As you write out the lines from the one containing "Apartment Beplace In Lotto Milan" through the last line of the records, keep them exact and leave out pictures.

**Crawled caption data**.
* * * *

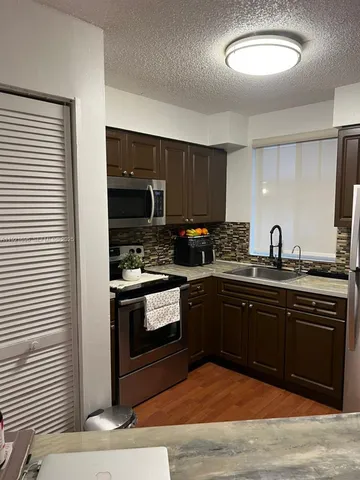 $2,200 | 6045 Northwest 186th Street, Unit 102, Hialeah, FL 33015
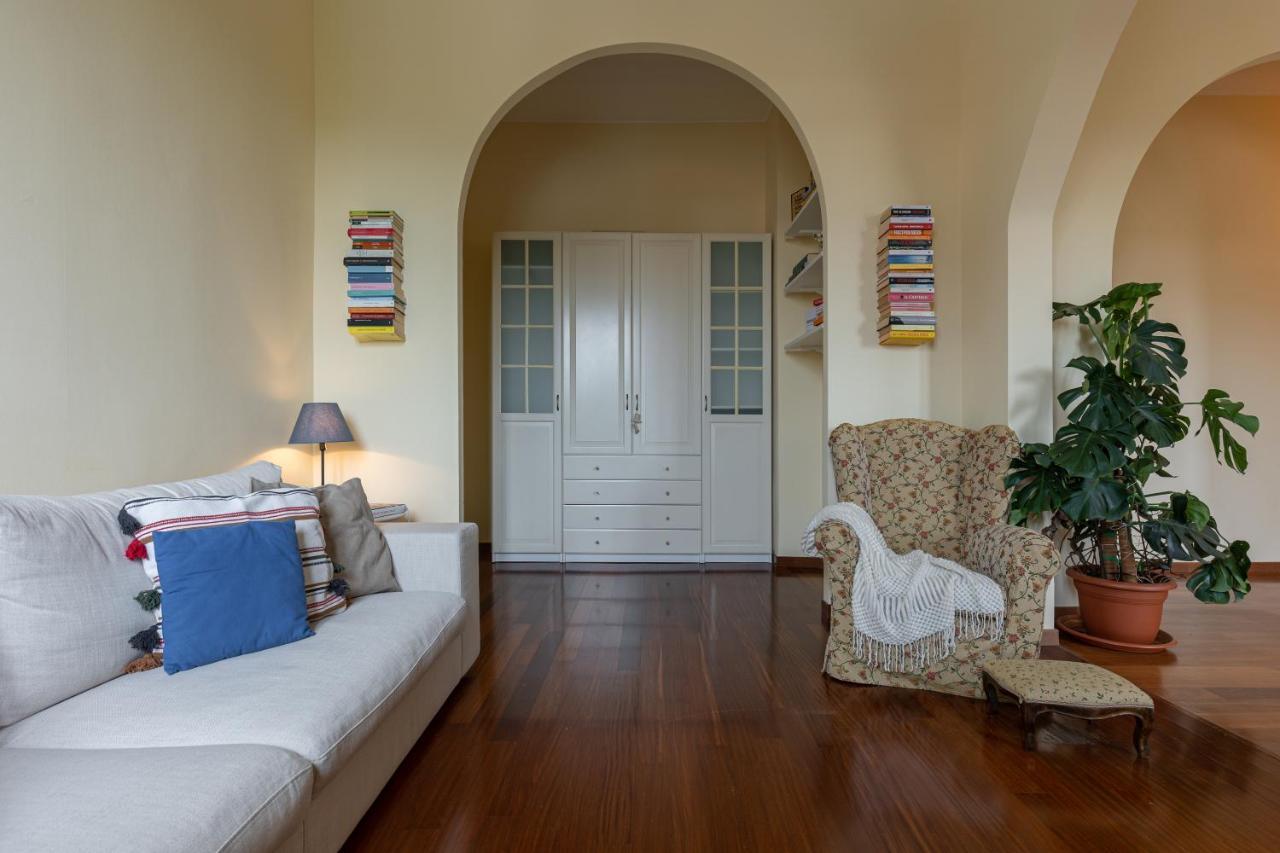Apartment Beplace In Lotto Milan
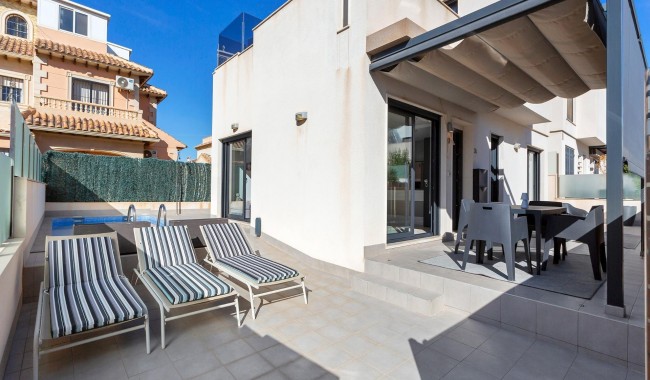 Villa - Resale - Torrevieja - Aguas Nuevas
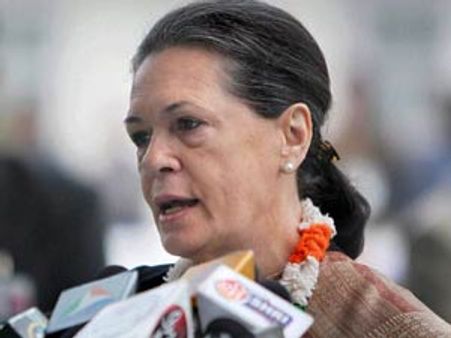 மத்திய அரசில் இருந்து திமுக விலகல் பற்றி கருத்து கூற இயலாது: காங்கிரஸ் தலைவர் சோனியா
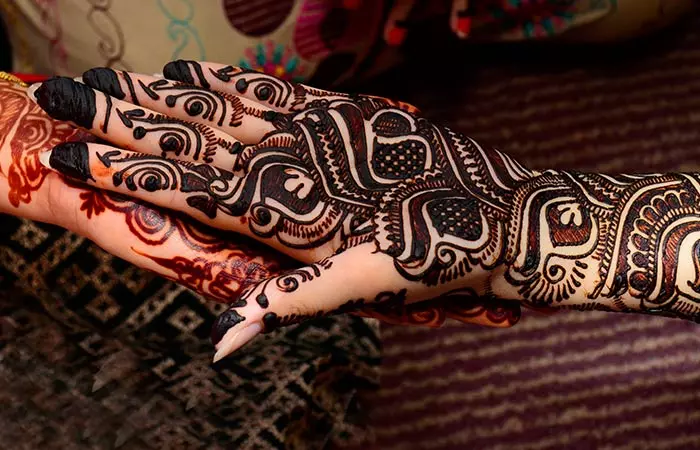 Shaded Mehndi Design in Hindi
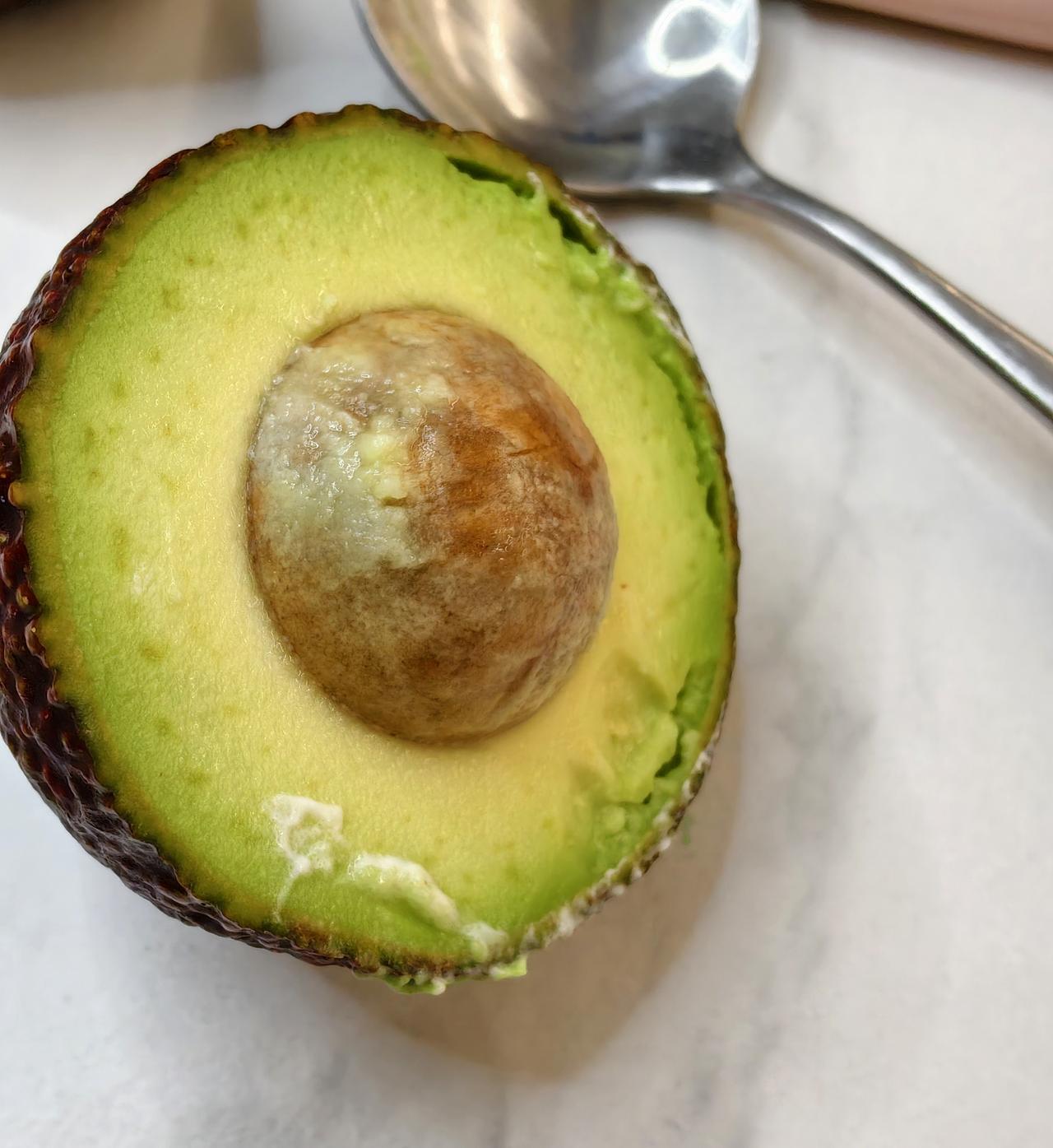 据说牛油果🥑抗炎
口感，得确不咋滴
我喜欢拌点蜂蜜

据说还可以伴着芥末吃
这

* * * *

**RESULT FOR THIS TASK**.
Apartment Beplace In Lotto Milan
 Villa - Resale - Torrevieja - Aguas Nuevas
 மத்திய அரசில் இருந்து திமுக விலகல் பற்றி கருத்து கூற இயலாது: காங்கிரஸ் தலைவர் சோனியா
 Shaded Mehndi Design in Hindi
 据说牛油果🥑抗炎
口感，得确不咋滴
我喜欢拌点蜂蜜

据说还可以伴着芥末吃
这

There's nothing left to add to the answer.